As you begin this contest, you are probably thinking: How do I build my portfolio, what should I choose, what ideas do I select and what ideas do I ignore?
There are many intelligent ways to analyze the financial markets and build a portfolio. Some methods produce practical, actionable ideas; others… not so much. You may have your own way to approach this contest based on what you already know. Maybe this knowledge came from what you learned through courses, your own experience or investments you’ve seen your friends or parents make. However you do it, it’s smart to have a thoughtful method to guide your selections. In investing, having a well-defined process really matters.
As this is my profession, I devote most of my work day to researching and selecting stocks. You may not be able to make that time commitment, but you might be able to take some aspects of my approach and begin to create your own unique perspective on investing. So, let’s dive in—here is how I do what I do.
Step one: Screen / rank stocks from your investment universe
How do I decide what’s the “best company”? I’m a value manager, so I have a particular way of looking at things. I start by analyzing the current valuation of the stock versus its long-term history. I am simply interested in identifying stocks that are statistically cheap. Focusing on what is the cheapest is the best way to narrow your field of focus. I believe that history has already shown which metrics are most important for each sector. For example, banks traditionally trade on price / earnings multiples. When ranking banks, I look for opportunities where a company is trading one standard deviation below its long-term average. Consistently identifying good businesses trading below their long-term average valuation is a starting point for investment success.
Step two: Fundamental analysis
Now we have a short list and we’ll look more closely. We’ll take a deeper dive into the accounting statements and we’ll also analyze corporate strategy. Does the strategy make sense, is it too aggressive (what dangers are they ignoring?) or too conservative (what opportunities are they missing?). We meet with management to ask them these questions. We’ll listen to what they’re saying and how they say it—are they enthusiastic, curious about the competition or ignoring it? We’ll also tune in to what they’re not saying—are they evasive?
We build a model that allows us to assess the company’s long-term potential, and stress-test key drivers in the business. When companies face short-term operational issues, markets overreact. This creates buying opportunities. We want to assess the earnings power of the business once management’s actions have addressed the transitory problem. For example, consider the investment in Empire Limited, operator of the Sobey’s grocery store chain. We want to understand the earnings power of its business in Western Canada when successfully integrated and not experiencing an energy-driven economic slowdown. Ultimately, we use this to value the business…what’s it worth? This is the key question! We organize this knowledge to create an investment thesis that clearly outlines our position. We are looking for an investment idea that is contrary to the consensus perspective—something the majority is overlooking.
The litmus test
Finally, there’s the ultimate test of whether we have a potential winner: what’s the price?

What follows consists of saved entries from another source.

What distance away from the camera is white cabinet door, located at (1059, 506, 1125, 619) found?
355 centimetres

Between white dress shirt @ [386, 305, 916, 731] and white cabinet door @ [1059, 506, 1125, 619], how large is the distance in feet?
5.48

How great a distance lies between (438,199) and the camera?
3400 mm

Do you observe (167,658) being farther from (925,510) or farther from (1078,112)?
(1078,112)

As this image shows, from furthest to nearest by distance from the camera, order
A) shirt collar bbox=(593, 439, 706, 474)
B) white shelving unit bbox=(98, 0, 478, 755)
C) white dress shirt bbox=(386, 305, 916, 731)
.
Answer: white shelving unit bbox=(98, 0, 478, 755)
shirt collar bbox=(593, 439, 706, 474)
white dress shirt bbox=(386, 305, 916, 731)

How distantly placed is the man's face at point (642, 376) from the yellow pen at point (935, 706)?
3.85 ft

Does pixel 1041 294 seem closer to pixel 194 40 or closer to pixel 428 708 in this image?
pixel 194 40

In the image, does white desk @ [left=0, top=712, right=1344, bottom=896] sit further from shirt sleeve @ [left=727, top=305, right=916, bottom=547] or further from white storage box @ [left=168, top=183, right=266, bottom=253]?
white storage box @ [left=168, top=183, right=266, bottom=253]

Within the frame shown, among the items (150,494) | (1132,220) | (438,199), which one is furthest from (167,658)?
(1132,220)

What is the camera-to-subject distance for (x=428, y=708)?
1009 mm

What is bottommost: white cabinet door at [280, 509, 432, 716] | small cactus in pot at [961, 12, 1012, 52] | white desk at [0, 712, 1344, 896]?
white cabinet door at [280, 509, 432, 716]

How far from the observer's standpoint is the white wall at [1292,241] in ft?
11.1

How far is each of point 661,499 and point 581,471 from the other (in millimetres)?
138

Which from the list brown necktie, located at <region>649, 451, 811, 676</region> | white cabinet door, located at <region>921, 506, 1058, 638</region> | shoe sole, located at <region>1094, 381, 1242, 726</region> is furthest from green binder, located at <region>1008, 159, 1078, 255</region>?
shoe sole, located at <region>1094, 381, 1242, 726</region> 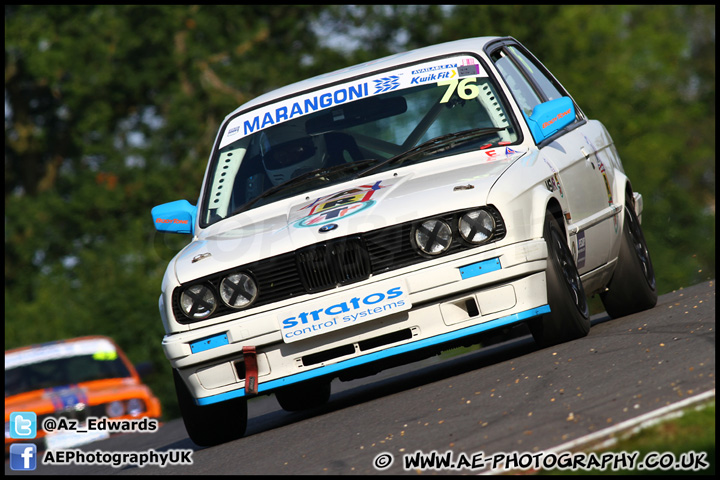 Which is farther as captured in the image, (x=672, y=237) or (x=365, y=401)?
(x=672, y=237)

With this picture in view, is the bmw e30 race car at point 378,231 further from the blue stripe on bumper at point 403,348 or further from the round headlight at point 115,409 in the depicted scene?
the round headlight at point 115,409

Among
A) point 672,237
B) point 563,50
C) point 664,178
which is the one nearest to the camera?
point 672,237

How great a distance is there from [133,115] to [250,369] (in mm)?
26154

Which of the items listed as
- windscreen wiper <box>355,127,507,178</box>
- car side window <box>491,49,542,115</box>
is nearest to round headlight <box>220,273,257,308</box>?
windscreen wiper <box>355,127,507,178</box>

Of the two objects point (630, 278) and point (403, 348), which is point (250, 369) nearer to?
point (403, 348)

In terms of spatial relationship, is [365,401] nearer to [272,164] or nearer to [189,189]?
[272,164]

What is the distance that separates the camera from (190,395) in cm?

We might believe a stock is worth $50, but it’s trading at $30. Are we seeing something that others are overlooking? Or is Mr. Market seeing something that we’re overlooking? Which view is a more accurate take on this company’s value? At this stage, it can help to be part of a team, where some team members play “devil’s advocate” by challenging and probing your ideas, asking you to defend them.
Keeping it real
Even though this is a contest, I’d also recommend a final gut check on your selections. Would you take your own hard-earned money and buy this stock? I have my own version of this gut check because a large part of my net worth and my family’s net worth is invested in funds that I manage. This reminds me that this process is much more than just an academic exercise—it has real-life consequences. I believe more portfolio managers should eat their own cooking.